オイラは板前として働いていたので、魚を捌ける。だもんで人が魚を捌いている姿を見る時は、いつもとは別の目線で見ているし、”評価”をしようとする。ここが自分の嫌いなところであるが仕方ないところでもある。これに近い気がする。
ちなみに3種類目に該当する方には、イラストやデザインを本業としている人が多い。プロの目線でオイラのグッズを評価しているのだろうな、と思う。それは少し光栄だし、もうちょっと甘く見ていいねくらい飛ばしてくれてもいいのよ?とも思っている。
ただ、オイラのグッズに反応する人の中にも、もしかしたらデザイン関係のお仕事をなさっている人もいるかもしれない。これは全部オイラの予想さ。
あ、別にグッズを買って欲しいとか、オイラの絵を見て欲くてこれを書いたわけじゃない。反応を貰えなくても各々思うところがあるだろうし、それは自由だと思っているのであんまり気にしてない。単純に「こういう傾向があるな、面白いな」「こういう気付きを得たぞ、面白いな」と思ったから書いている。
そう、素人がグッズを出すのは思ったよりも簡単だけど、それでもめんどくさいということが分かった。
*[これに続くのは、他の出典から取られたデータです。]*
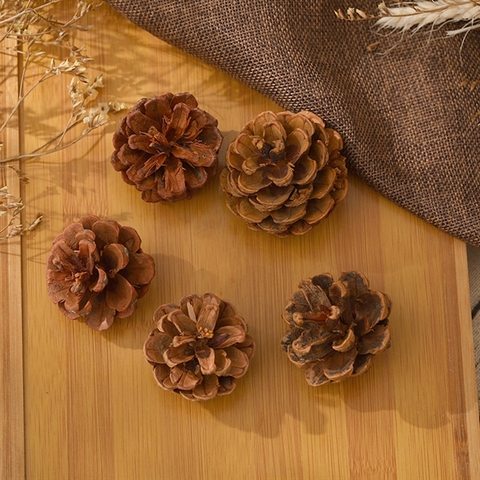 Set MC 5 QUẢ THÔNG khô size 5-6cm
グッズを出すことに挑戦しなければ分からなかったことだ。その経験を得ただけで、オイラはとっても嬉しい。それでいてなお、グッズに反応をもらうなんて、夢のようである。
グッズを提案してくれた人、それに賛同してくれた人。オイラがグッズの進捗を報告する度に反応してくれた人、グッズを見てくれた人に買ってくれた人、あと絵とか関係なく仲良くしてくれる人、羊かまぼこマンをかわいがってくれる人、このインスタンスの管理人であるくろりんごさん、サーバー代金をカンパしたオイラ以外のすべての人、インスタンス外で反応くれたり仲良くしてくれる皆皆さん、どうもありがとうね。
ということで、最後は感謝を伝えて終わりです。実は感謝を伝えたかったからこの記事を書いたんだけど、それだけだとキレイすぎるなと思ってあれこれ付け足してみた。ではまた。